■ HOW TO COMPLETE THIS TASK: Would you print exactly the lines that begin the listing and continue through the line holding "Used 2022 RAM"? No pictures, please.

■ SUPPLIED INFORMATION:
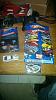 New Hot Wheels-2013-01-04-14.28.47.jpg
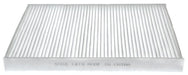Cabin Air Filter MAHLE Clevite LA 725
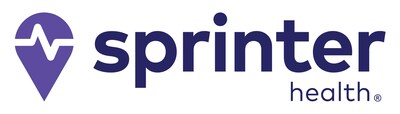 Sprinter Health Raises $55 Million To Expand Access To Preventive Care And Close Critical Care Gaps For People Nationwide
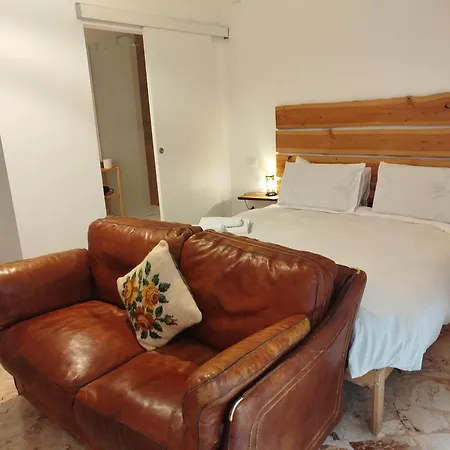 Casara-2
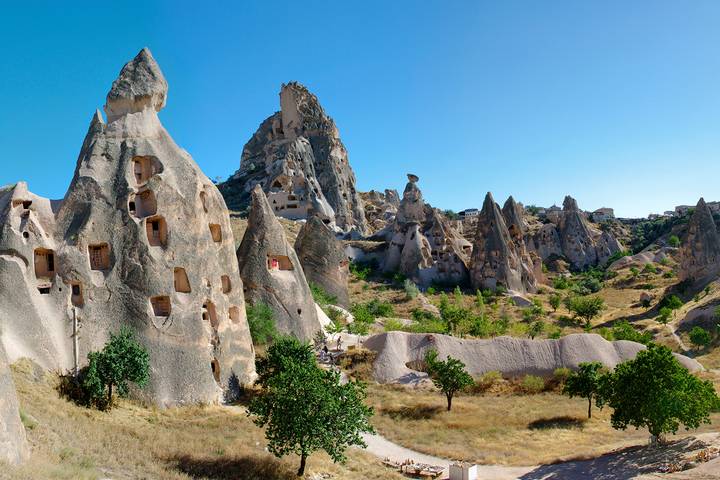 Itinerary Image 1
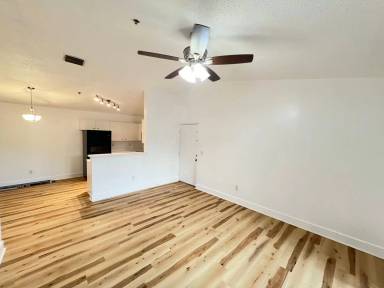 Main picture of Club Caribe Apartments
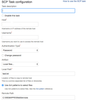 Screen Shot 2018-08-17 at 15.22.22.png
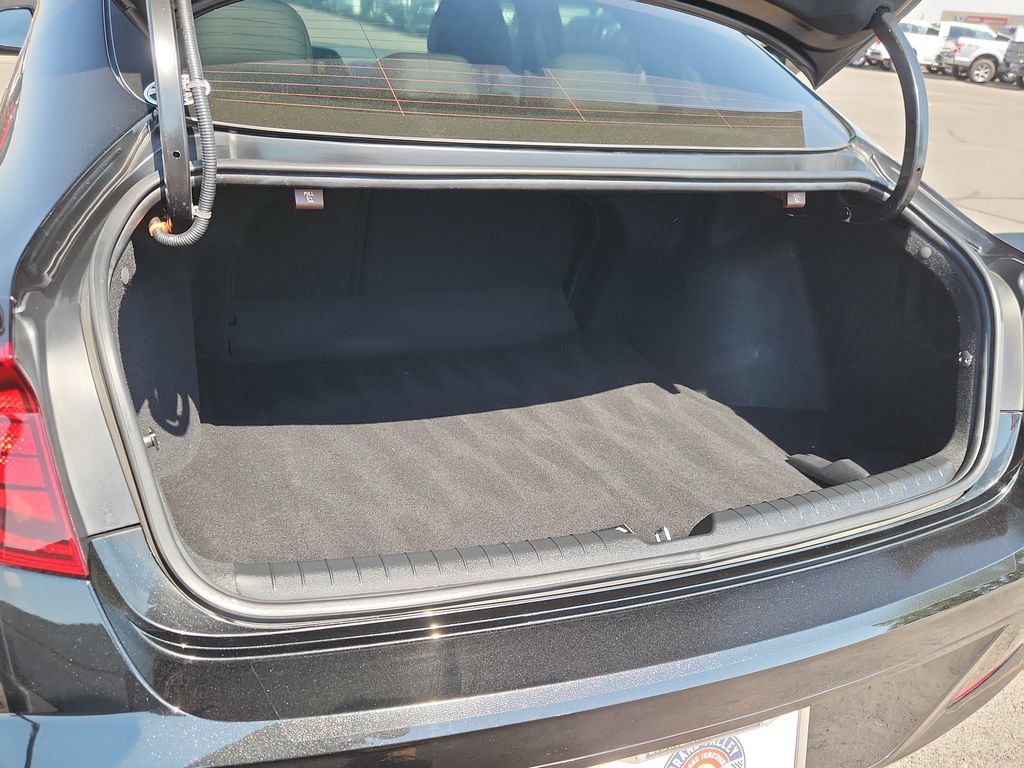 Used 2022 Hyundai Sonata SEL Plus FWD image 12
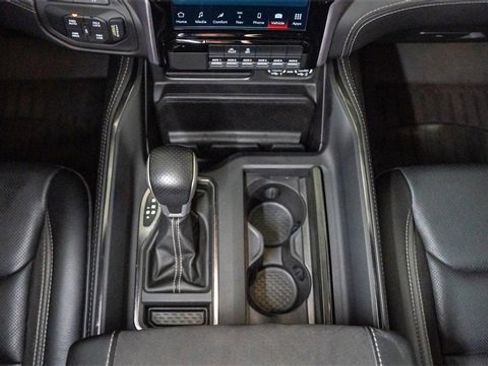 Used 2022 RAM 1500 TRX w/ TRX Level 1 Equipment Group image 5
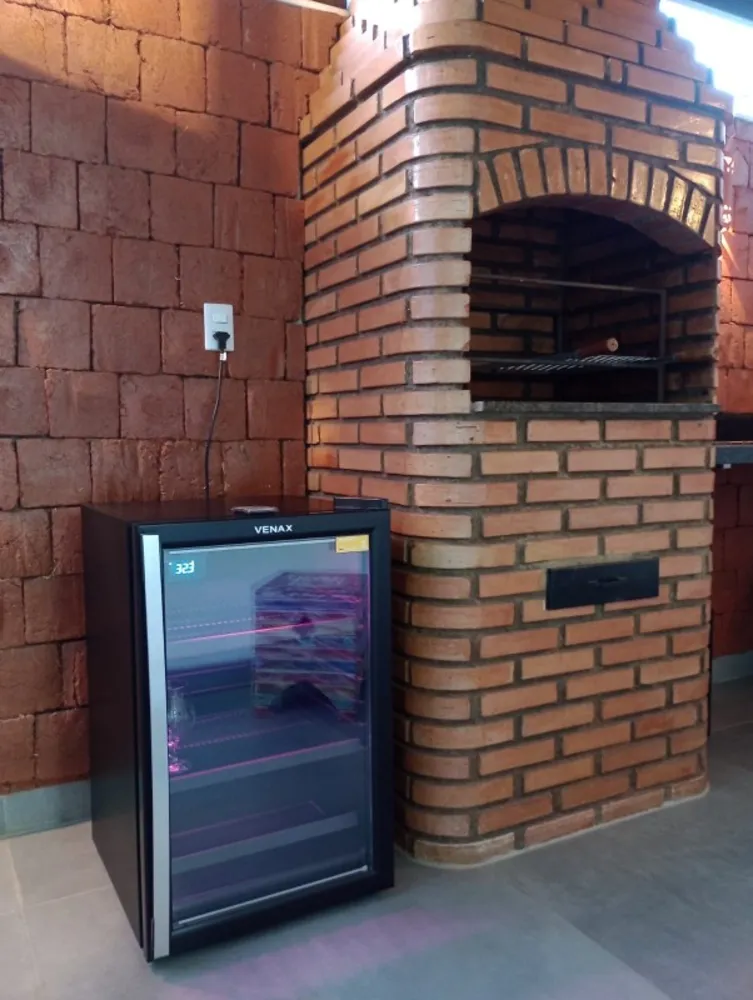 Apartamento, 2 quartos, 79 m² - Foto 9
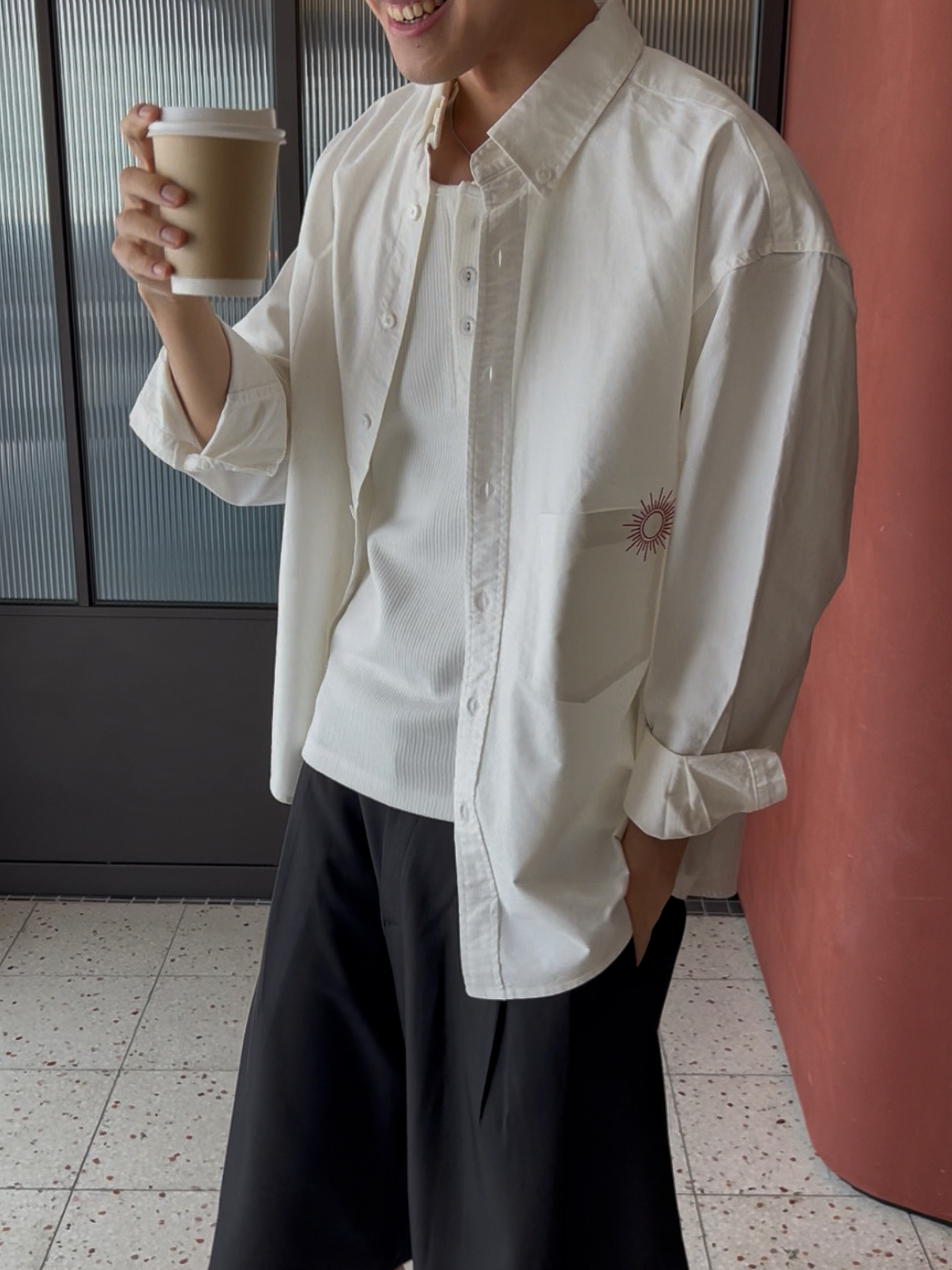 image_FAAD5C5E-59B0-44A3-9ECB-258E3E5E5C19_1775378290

■ EXERCISE RESULT:
 New Hot Wheels-2013-01-04-14.28.47.jpg
Cabin Air Filter MAHLE Clevite LA 725
 Sprinter Health Raises $55 Million To Expand Access To Preventive Care And Close Critical Care Gaps For People Nationwide
 Casara-2
 Itinerary Image 1
 Main picture of Club Caribe Apartments
 Screen Shot 2018-08-17 at 15.22.22.png
 Used 2022 Hyundai Sonata SEL Plus FWD image 12
 Used 2022 RAM 1500 TRX w/ TRX Level 1 Equipment Group image 5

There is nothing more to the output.